-------- Provided entries

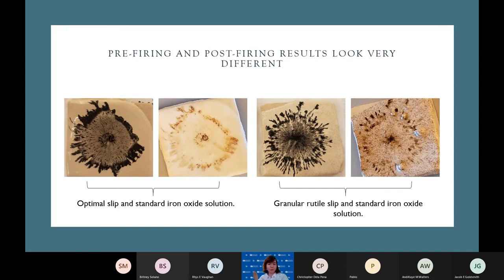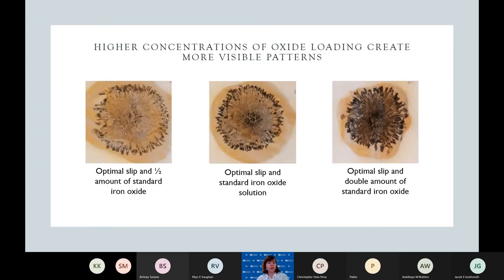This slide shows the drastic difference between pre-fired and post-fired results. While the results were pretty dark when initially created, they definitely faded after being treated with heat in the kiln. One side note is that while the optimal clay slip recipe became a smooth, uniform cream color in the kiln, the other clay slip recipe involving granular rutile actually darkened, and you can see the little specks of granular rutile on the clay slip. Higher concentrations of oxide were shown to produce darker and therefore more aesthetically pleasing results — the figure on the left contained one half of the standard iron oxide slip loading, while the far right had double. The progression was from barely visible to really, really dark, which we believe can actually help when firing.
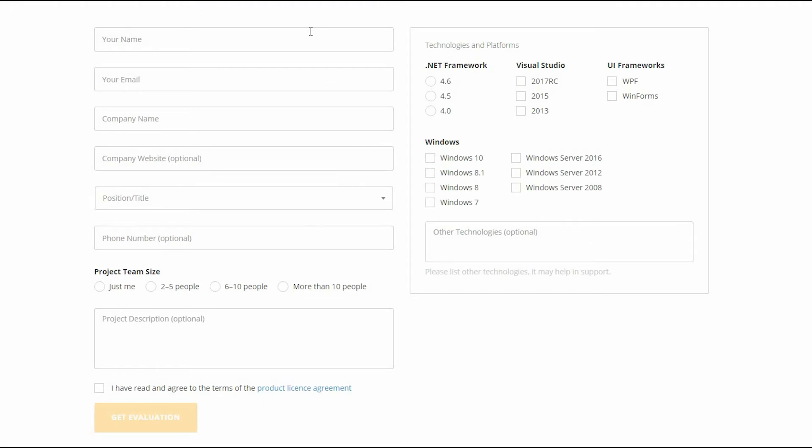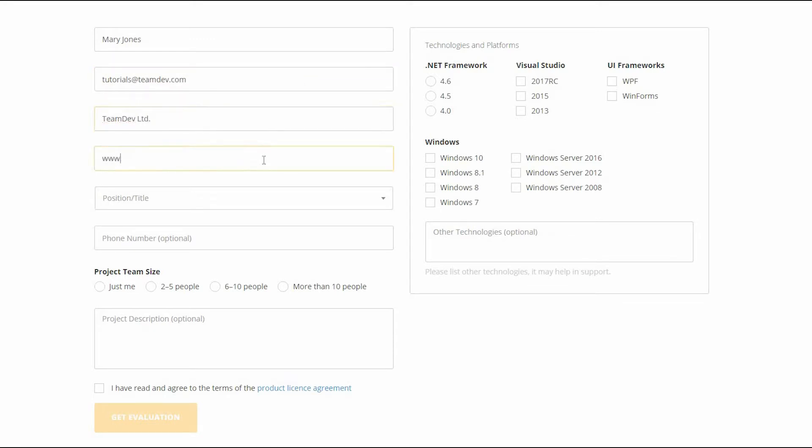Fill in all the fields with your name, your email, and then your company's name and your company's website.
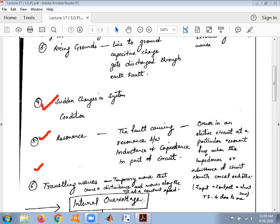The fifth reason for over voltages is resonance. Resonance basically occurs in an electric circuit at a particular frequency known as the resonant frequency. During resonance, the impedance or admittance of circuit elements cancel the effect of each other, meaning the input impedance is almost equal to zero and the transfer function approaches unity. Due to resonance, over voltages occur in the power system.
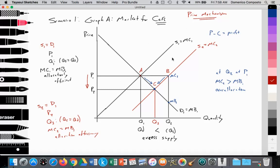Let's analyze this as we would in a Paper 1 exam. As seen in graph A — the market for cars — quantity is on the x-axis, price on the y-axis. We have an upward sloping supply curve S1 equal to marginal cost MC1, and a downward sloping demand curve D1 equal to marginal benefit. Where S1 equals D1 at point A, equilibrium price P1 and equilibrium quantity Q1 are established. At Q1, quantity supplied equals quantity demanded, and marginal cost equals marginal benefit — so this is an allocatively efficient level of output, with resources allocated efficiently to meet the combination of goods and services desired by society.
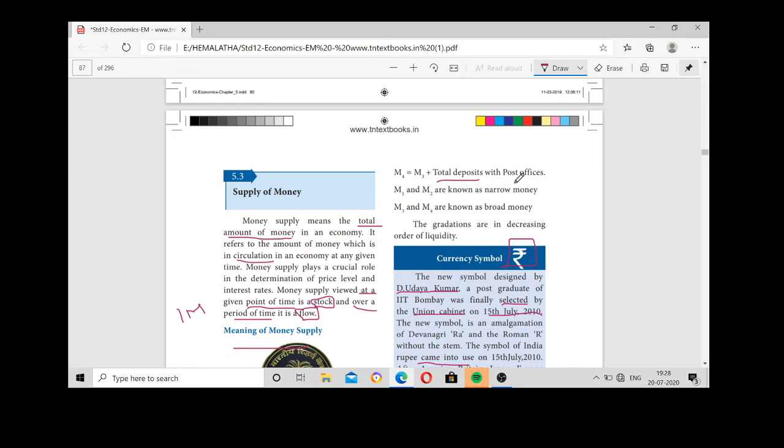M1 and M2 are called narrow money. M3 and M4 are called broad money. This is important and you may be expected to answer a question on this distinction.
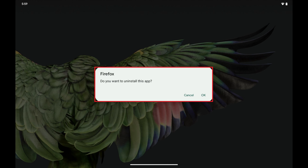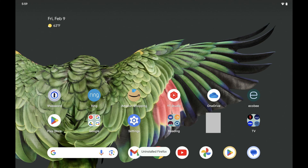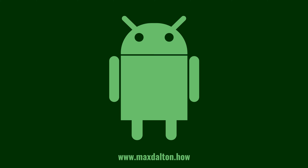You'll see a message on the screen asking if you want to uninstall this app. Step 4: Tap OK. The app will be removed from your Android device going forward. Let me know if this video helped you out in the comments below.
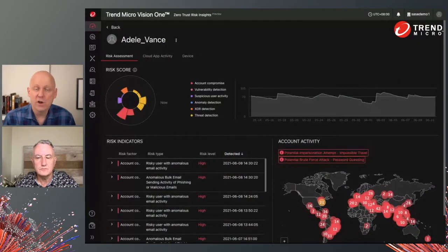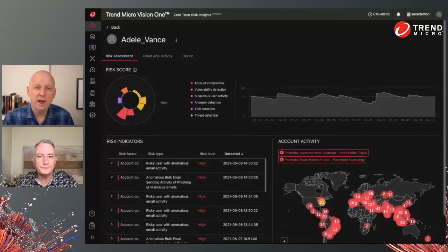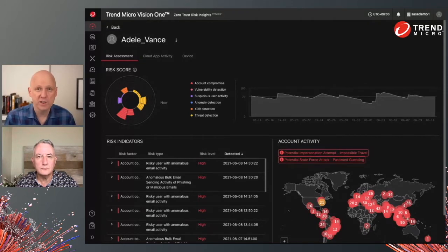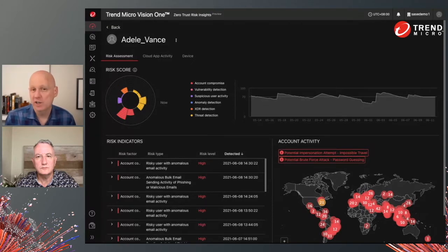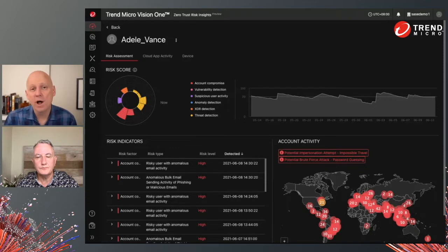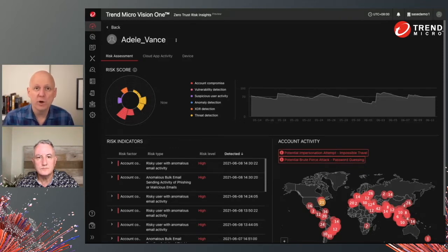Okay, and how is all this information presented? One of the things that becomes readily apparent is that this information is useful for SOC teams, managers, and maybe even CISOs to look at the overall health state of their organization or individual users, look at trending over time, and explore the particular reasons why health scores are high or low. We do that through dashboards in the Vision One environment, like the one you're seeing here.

----------------
-------- Provided entries

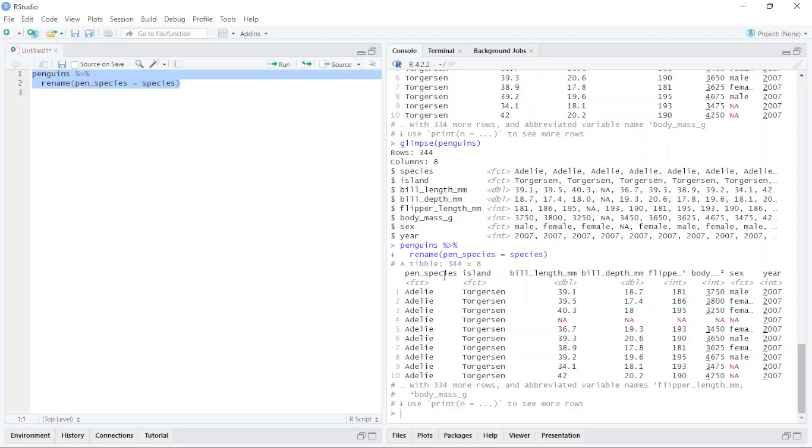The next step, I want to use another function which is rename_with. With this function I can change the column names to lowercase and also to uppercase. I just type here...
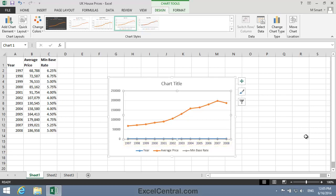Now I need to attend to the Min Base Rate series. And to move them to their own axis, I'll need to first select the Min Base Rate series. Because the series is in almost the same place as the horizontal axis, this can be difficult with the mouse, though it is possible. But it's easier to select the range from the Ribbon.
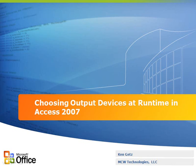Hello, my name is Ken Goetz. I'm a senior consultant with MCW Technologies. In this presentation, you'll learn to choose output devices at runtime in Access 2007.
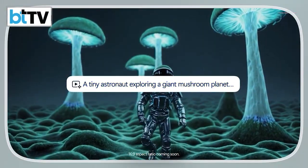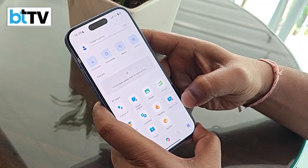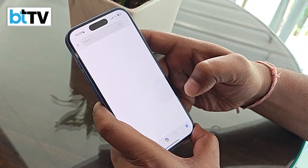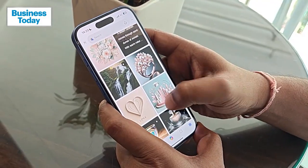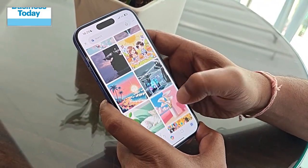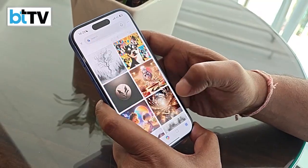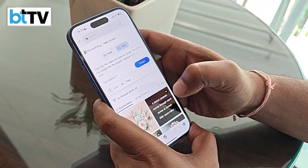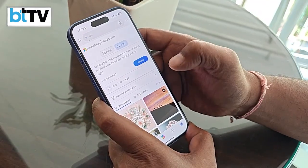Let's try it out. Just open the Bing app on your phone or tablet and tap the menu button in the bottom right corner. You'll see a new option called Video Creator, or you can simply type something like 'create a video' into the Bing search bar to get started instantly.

----------------

_Task requirements_. Your reply is to be an exact repeat of the listing above from the line holding "This slide shows" down to the line holding "Fill in all", ends included, pictures excluded.

_Expected answer_.
This slide shows the drastic difference between pre-fired and post-fired results. While the results were pretty dark when initially created, they definitely faded after being treated with heat in the kiln. One side note is that while the optimal clay slip recipe became a smooth, uniform cream color in the kiln, the other clay slip recipe involving granular rutile actually darkened, and you can see the little specks of granular rutile on the clay slip. Higher concentrations of oxide were shown to produce darker and therefore more aesthetically pleasing results — the figure on the left contained one half of the standard iron oxide slip loading, while the far right had double. The progression was from barely visible to really, really dark, which we believe can actually help when firing.
Fill in all the fields with your name, your email, and then your company's name and your company's website.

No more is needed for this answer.